[Start of Attachment]

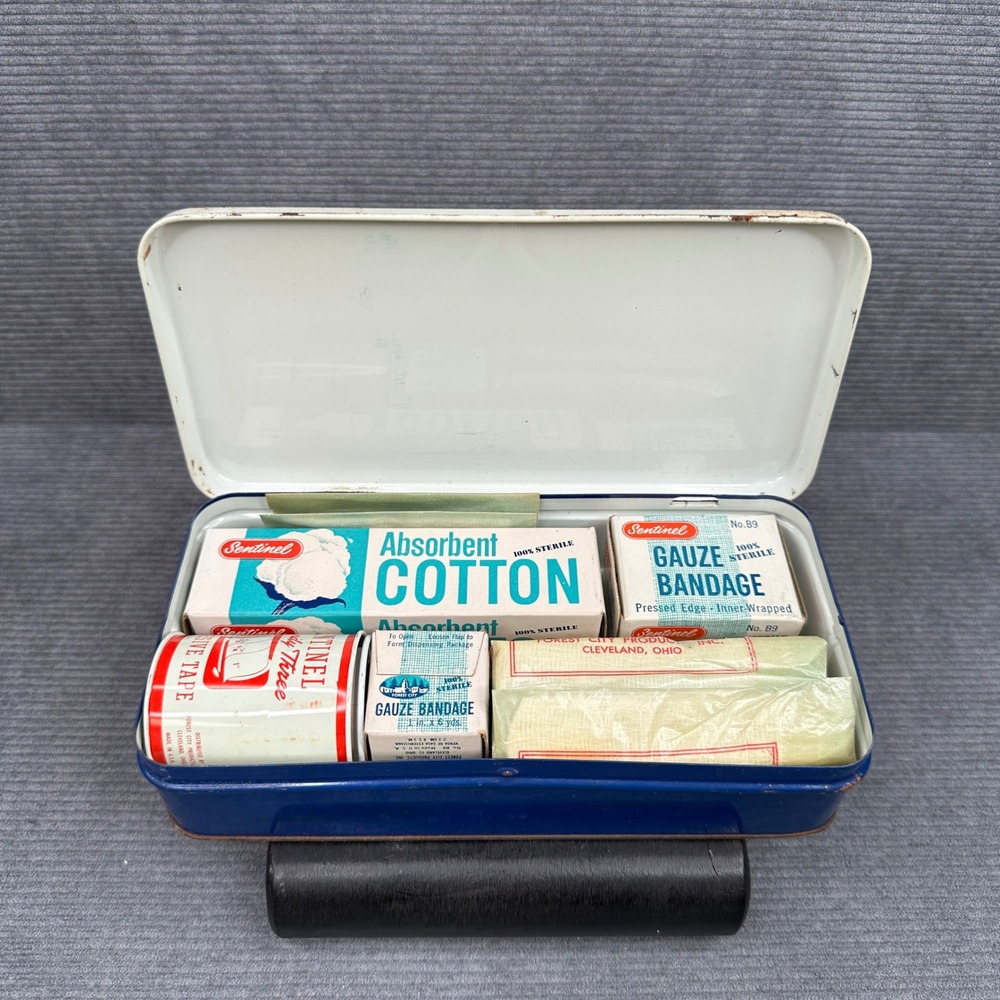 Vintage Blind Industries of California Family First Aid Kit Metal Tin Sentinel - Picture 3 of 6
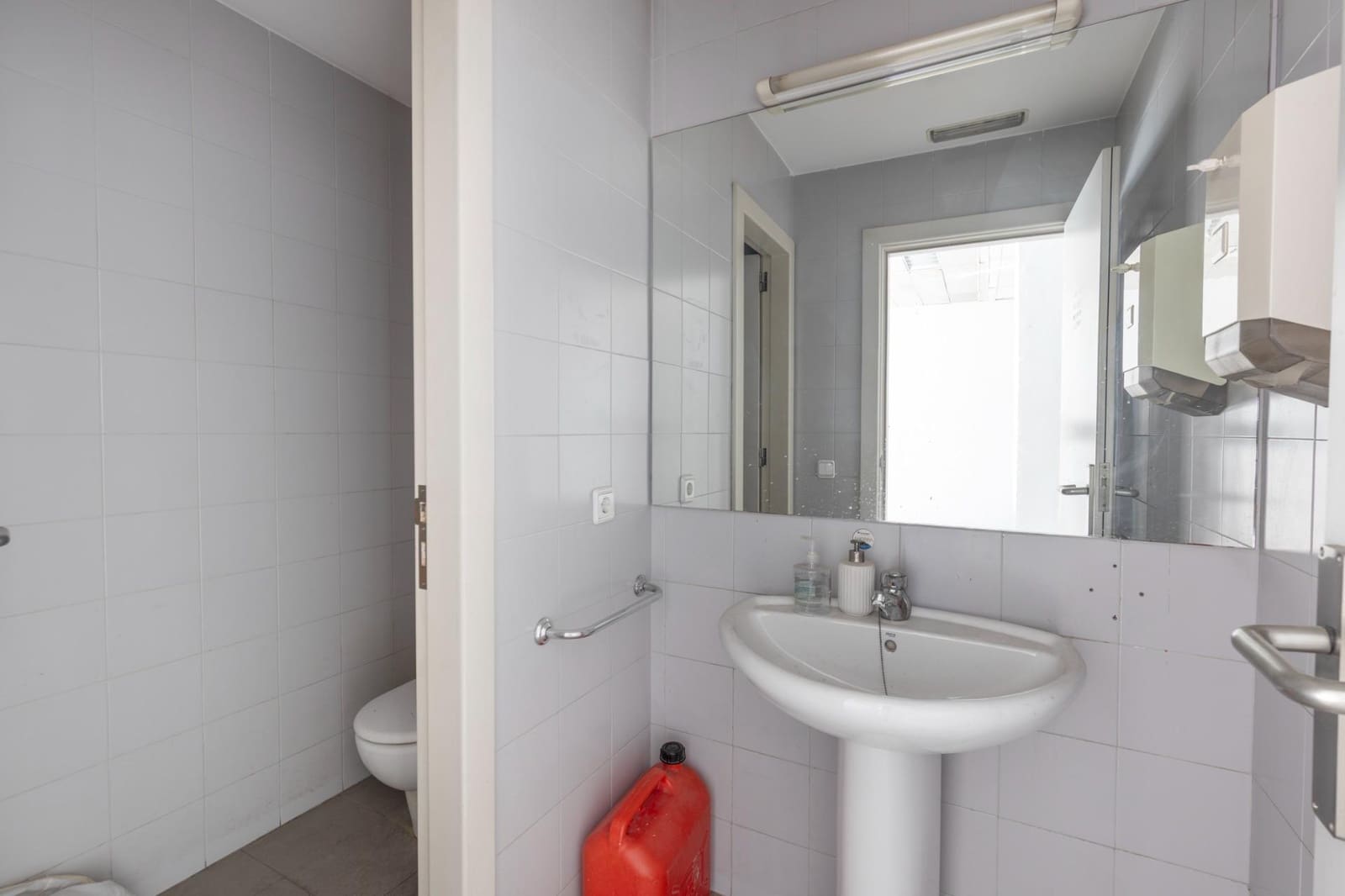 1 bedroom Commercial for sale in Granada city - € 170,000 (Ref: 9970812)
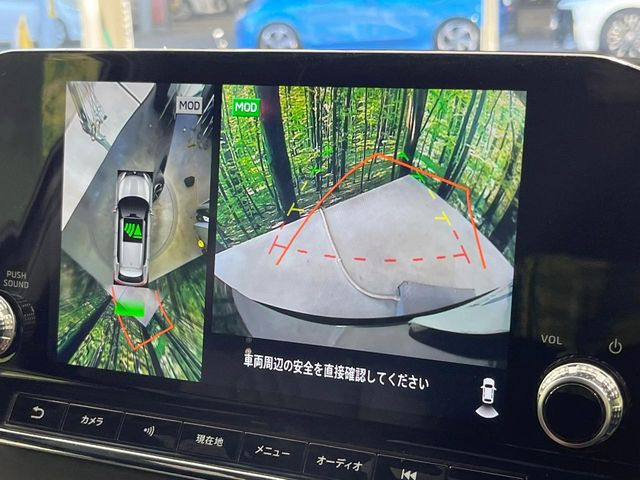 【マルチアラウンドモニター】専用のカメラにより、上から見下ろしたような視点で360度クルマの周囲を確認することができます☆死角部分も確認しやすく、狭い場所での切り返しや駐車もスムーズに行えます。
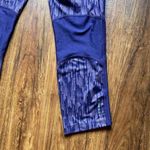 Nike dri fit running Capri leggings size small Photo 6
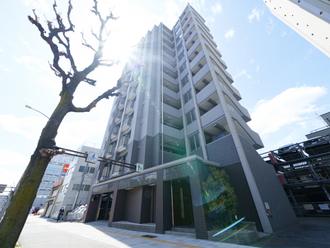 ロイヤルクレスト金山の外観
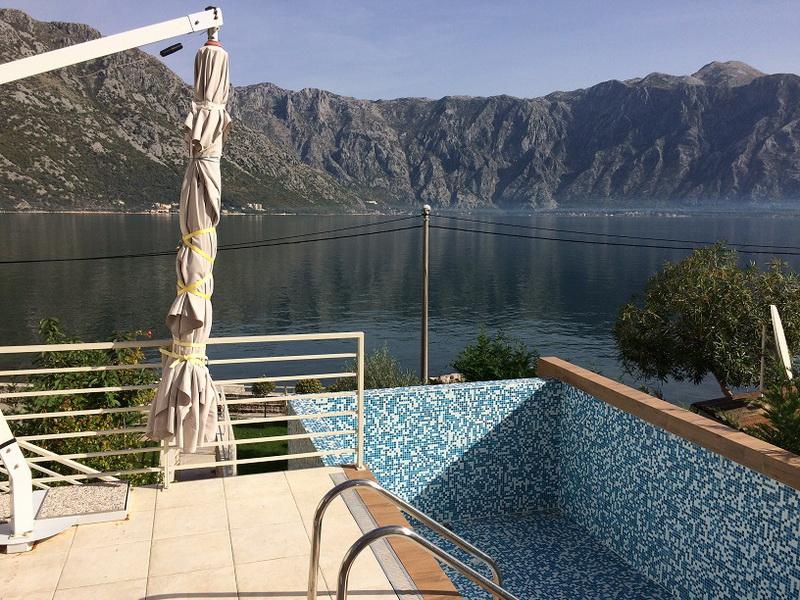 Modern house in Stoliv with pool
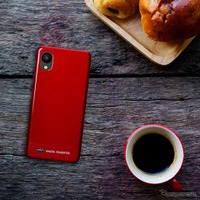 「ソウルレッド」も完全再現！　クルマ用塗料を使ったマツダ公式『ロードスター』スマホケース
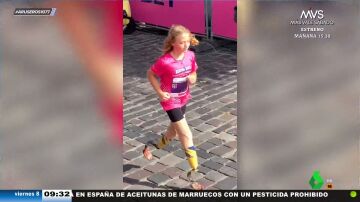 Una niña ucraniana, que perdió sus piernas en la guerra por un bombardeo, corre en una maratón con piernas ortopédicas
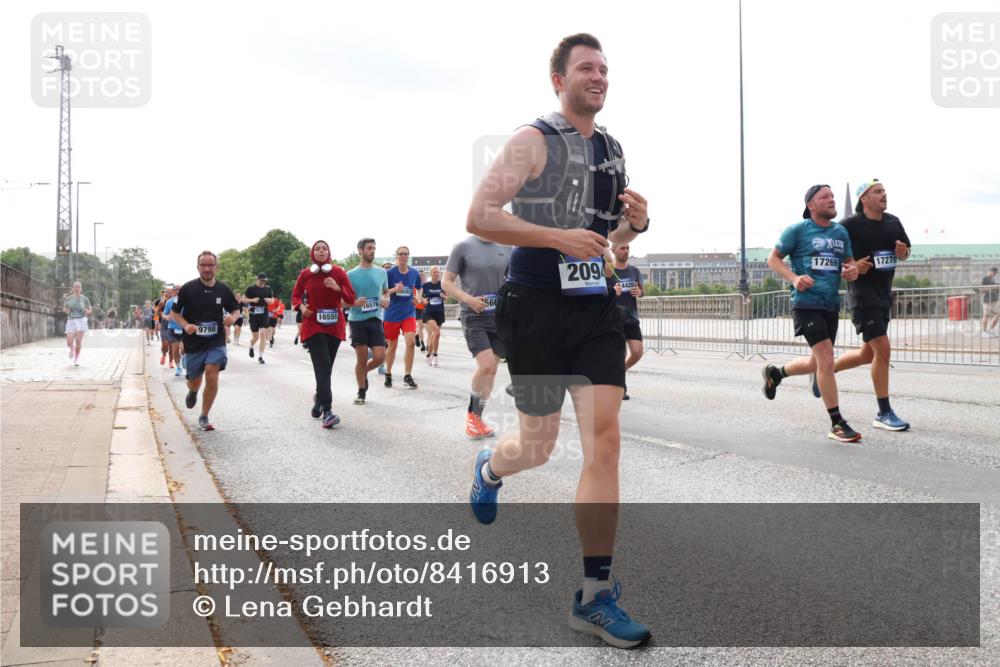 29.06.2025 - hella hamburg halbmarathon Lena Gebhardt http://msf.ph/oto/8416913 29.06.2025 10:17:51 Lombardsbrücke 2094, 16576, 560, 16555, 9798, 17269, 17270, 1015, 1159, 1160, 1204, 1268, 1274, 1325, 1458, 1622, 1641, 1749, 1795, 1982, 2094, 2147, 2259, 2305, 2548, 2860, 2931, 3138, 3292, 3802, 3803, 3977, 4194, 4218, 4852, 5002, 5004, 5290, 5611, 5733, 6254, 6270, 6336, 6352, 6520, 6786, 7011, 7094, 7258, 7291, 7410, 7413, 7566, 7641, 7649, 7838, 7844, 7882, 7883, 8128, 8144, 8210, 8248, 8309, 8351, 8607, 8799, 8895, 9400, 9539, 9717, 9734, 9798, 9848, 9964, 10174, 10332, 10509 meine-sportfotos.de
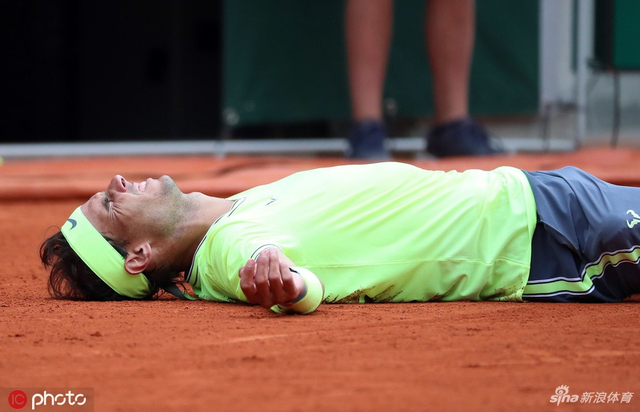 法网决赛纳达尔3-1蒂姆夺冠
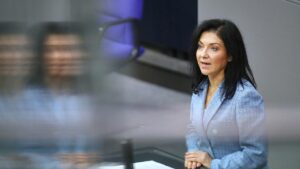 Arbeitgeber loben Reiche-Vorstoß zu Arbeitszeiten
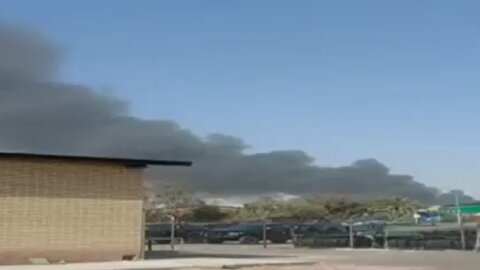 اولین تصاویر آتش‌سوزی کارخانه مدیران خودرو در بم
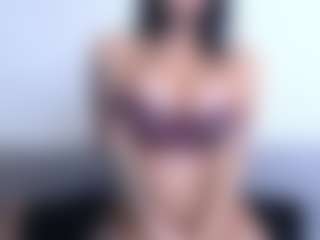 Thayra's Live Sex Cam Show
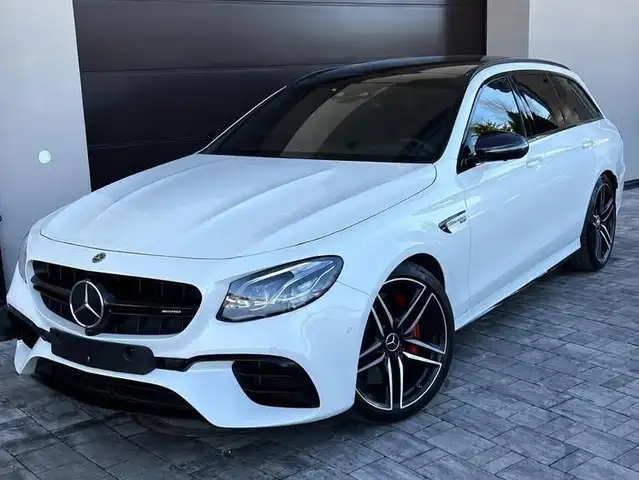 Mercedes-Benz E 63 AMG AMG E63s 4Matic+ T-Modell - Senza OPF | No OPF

[End of Attachment]

- _ASSIGNMENT_: The lines to retype begin with the one containing "ロイヤルクレスト金山の外観" and end with the last line of the records. Reproduce them exactly and omit the pictures.

- _RESPONSE TO THE EXERCISE_:
 ロイヤルクレスト金山の外観
 Modern house in Stoliv with pool
 「ソウルレッド」も完全再現！　クルマ用塗料を使ったマツダ公式『ロードスター』スマホケース
 Una niña ucraniana, que perdió sus piernas en la guerra por un bombardeo, corre en una maratón con piernas ortopédicas
 29.06.2025 - hella hamburg halbmarathon Lena Gebhardt http://msf.ph/oto/8416913 29.06.2025 10:17:51 Lombardsbrücke 2094, 16576, 560, 16555, 9798, 17269, 17270, 1015, 1159, 1160, 1204, 1268, 1274, 1325, 1458, 1622, 1641, 1749, 1795, 1982, 2094, 2147, 2259, 2305, 2548, 2860, 2931, 3138, 3292, 3802, 3803, 3977, 4194, 4218, 4852, 5002, 5004, 5290, 5611, 5733, 6254, 6270, 6336, 6352, 6520, 6786, 7011, 7094, 7258, 7291, 7410, 7413, 7566, 7641, 7649, 7838, 7844, 7882, 7883, 8128, 8144, 8210, 8248, 8309, 8351, 8607, 8799, 8895, 9400, 9539, 9717, 9734, 9798, 9848, 9964, 10174, 10332, 10509 meine-sportfotos.de
 法网决赛纳达尔3-1蒂姆夺冠
 Arbeitgeber loben Reiche-Vorstoß zu Arbeitszeiten
 اولین تصاویر آتش‌سوزی کارخانه مدیران خودرو در بم
 Thayra's Live Sex Cam Show
 Mercedes-Benz E 63 AMG AMG E63s 4Matic+ T-Modell - Senza OPF | No OPF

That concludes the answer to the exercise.